A: I grew up in Rhode Island and am half-Vietnamese. Immediately after graduating from Brown, I met my husband while I was traveling in Vietnam. I was visiting family and he was this Canadian backpacker who was actually on his way to China and Japan, and his plan was to teach English in Japan. I went home and he ended up getting pneumonia in China, so he came home as well. We reconnected when I was driving cross-country that summer, and I visited him in Canada and stayed for a month – that was 24 years ago.
Eirene with one of her Goto Island friends.
Eirene during her JET years with a few of her students.
He was the one who told me about JET, and since we couldn’t live or work in America or Canada together, we thought it would be a great idea. We both loved to travel and I was really interested in spending more time in different parts of Asia, and what I knew of Japan, I thought was super interesting. I wanted to live in another country and be a part of that country and community, not necessarily just as a backpacker. We both applied and got in – I was placed in the Goto Islands off the coast of Nagasaki, and he was in Nagasaki proper. We ended up doing two years on the JET Program.

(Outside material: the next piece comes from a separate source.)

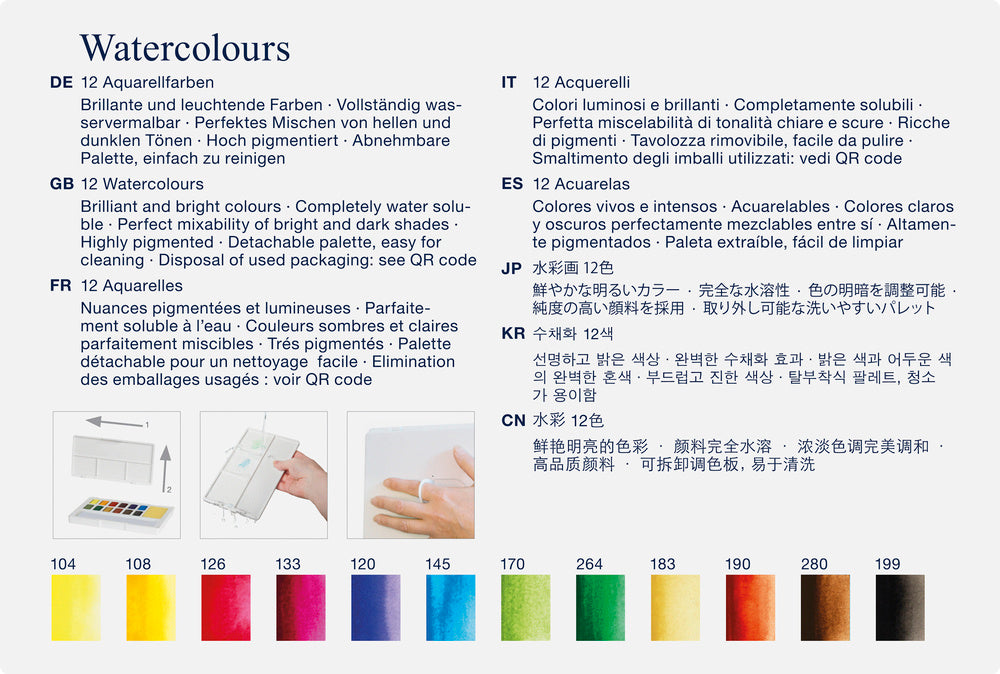 Faber-Castell Watercolour 12 ass i palette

Q: How did your experience in Japan impact you?
A: I had the most amazing experience. It was absolutely a super formative part of my life, and I am so grateful for everything that JET gave me as a person, especially in my 20s trying to figure out where I was going to go. Living on a fishing island in Goto, we were far in the inaka. Many residents did not often leave the island to go to the mainland. To see a really different, authentic part of Japanese society that most travelers don't ever get to see really opened up my perspective on the world. It was just so wonderful and beautiful, and my community was amazing. Even now, over twenty years later, we're still very close with many of our friends from that time, even though they live all around the world. Japanese culture is still so close to my heart – my husband and I still use Japanese terms for things that English just doesn't have a word for, like when we come home after a long day and say otsukare, we just know exactly what we mean.
Q: How did you transition from JET to becoming a screenwriter?
A: I had always wanted to be a writer. I grew up loving movies and storytelling. I worked in a video store in high school – you know, thinking I’ll be the next Tarantino. At Brown, I didn’t really enjoy a lot of the media theory classes, so I ended up becoming a history major and doing a lot of different kinds of writing.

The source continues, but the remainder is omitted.